-------- Records for this exercise --------
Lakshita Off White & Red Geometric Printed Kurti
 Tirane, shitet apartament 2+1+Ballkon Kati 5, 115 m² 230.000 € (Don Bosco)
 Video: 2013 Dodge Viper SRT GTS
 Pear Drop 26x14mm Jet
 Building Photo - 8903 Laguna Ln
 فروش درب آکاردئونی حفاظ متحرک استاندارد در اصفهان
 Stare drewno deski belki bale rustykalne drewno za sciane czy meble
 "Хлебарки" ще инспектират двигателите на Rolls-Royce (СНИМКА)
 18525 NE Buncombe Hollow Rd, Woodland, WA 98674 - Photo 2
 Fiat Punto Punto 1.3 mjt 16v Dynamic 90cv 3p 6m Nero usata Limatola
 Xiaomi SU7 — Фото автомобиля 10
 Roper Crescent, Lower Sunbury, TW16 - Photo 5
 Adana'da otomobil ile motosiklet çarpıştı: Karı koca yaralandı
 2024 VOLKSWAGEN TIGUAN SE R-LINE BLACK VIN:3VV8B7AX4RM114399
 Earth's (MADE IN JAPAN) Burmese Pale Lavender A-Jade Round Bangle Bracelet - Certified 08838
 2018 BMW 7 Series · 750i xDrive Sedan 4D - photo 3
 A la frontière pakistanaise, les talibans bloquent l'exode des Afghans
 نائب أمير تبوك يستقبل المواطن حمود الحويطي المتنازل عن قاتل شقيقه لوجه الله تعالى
--------
From the listing above, output exactly the run of lines that starts with the line containing "فروش درب آکاردئونی" and ends with the line containing "Xiaomi SU7 — Фото автомобиля 10".

 فروش درب آکاردئونی حفاظ متحرک استاندارد در اصفهان
 Stare drewno deski belki bale rustykalne drewno za sciane czy meble
 "Хлебарки" ще инспектират двигателите на Rolls-Royce (СНИМКА)
 18525 NE Buncombe Hollow Rd, Woodland, WA 98674 - Photo 2
 Fiat Punto Punto 1.3 mjt 16v Dynamic 90cv 3p 6m Nero usata Limatola
 Xiaomi SU7 — Фото автомобиля 10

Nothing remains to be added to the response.